[Caption-style text data]
....................
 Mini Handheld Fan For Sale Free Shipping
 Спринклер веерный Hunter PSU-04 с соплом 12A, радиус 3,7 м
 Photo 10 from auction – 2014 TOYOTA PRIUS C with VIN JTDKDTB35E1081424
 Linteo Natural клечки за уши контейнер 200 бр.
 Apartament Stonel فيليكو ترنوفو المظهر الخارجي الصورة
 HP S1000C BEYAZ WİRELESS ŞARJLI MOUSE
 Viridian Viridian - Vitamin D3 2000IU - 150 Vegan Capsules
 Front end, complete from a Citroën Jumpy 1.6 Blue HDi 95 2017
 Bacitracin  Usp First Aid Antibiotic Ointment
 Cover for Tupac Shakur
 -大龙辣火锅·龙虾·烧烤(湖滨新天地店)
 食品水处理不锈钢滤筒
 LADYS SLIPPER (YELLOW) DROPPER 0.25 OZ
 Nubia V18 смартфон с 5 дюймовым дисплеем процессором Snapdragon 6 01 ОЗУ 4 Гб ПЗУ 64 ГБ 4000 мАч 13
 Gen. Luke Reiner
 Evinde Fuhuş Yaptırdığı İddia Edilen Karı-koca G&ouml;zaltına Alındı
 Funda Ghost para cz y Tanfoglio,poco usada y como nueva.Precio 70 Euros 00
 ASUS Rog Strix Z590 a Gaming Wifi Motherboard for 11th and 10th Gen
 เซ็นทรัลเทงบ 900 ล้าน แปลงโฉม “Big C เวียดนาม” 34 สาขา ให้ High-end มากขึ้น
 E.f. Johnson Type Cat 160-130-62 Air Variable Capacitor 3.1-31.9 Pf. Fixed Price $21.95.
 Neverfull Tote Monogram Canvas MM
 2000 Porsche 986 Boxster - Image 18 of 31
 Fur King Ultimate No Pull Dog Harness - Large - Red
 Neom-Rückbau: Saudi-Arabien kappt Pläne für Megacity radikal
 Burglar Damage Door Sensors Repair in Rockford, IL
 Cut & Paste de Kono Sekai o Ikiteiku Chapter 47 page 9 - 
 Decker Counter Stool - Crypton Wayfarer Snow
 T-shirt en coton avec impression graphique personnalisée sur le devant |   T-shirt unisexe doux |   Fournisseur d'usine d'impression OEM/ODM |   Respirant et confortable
....................
Each record above should be repeated exactly.

 Mini Handheld Fan For Sale Free Shipping
 Спринклер веерный Hunter PSU-04 с соплом 12A, радиус 3,7 м
 Photo 10 from auction – 2014 TOYOTA PRIUS C with VIN JTDKDTB35E1081424
 Linteo Natural клечки за уши контейнер 200 бр.
 Apartament Stonel فيليكو ترنوفو المظهر الخارجي الصورة
 HP S1000C BEYAZ WİRELESS ŞARJLI MOUSE
 Viridian Viridian - Vitamin D3 2000IU - 150 Vegan Capsules
 Front end, complete from a Citroën Jumpy 1.6 Blue HDi 95 2017
 Bacitracin  Usp First Aid Antibiotic Ointment
 Cover for Tupac Shakur
 -大龙辣火锅·龙虾·烧烤(湖滨新天地店)
 食品水处理不锈钢滤筒
 LADYS SLIPPER (YELLOW) DROPPER 0.25 OZ
 Nubia V18 смартфон с 5 дюймовым дисплеем процессором Snapdragon 6 01 ОЗУ 4 Гб ПЗУ 64 ГБ 4000 мАч 13
 Gen. Luke Reiner
 Evinde Fuhuş Yaptırdığı İddia Edilen Karı-koca G&ouml;zaltına Alındı
 Funda Ghost para cz y Tanfoglio,poco usada y como nueva.Precio 70 Euros 00
 ASUS Rog Strix Z590 a Gaming Wifi Motherboard for 11th and 10th Gen
 เซ็นทรัลเทงบ 900 ล้าน แปลงโฉม “Big C เวียดนาม” 34 สาขา ให้ High-end มากขึ้น
 E.f. Johnson Type Cat 160-130-62 Air Variable Capacitor 3.1-31.9 Pf. Fixed Price $21.95.
 Neverfull Tote Monogram Canvas MM
 2000 Porsche 986 Boxster - Image 18 of 31
 Fur King Ultimate No Pull Dog Harness - Large - Red
 Neom-Rückbau: Saudi-Arabien kappt Pläne für Megacity radikal
 Burglar Damage Door Sensors Repair in Rockford, IL
 Cut & Paste de Kono Sekai o Ikiteiku Chapter 47 page 9 - 
 Decker Counter Stool - Crypton Wayfarer Snow
 T-shirt en coton avec impression graphique personnalisée sur le devant |   T-shirt unisexe doux |   Fournisseur d'usine d'impression OEM/ODM |   Respirant et confortable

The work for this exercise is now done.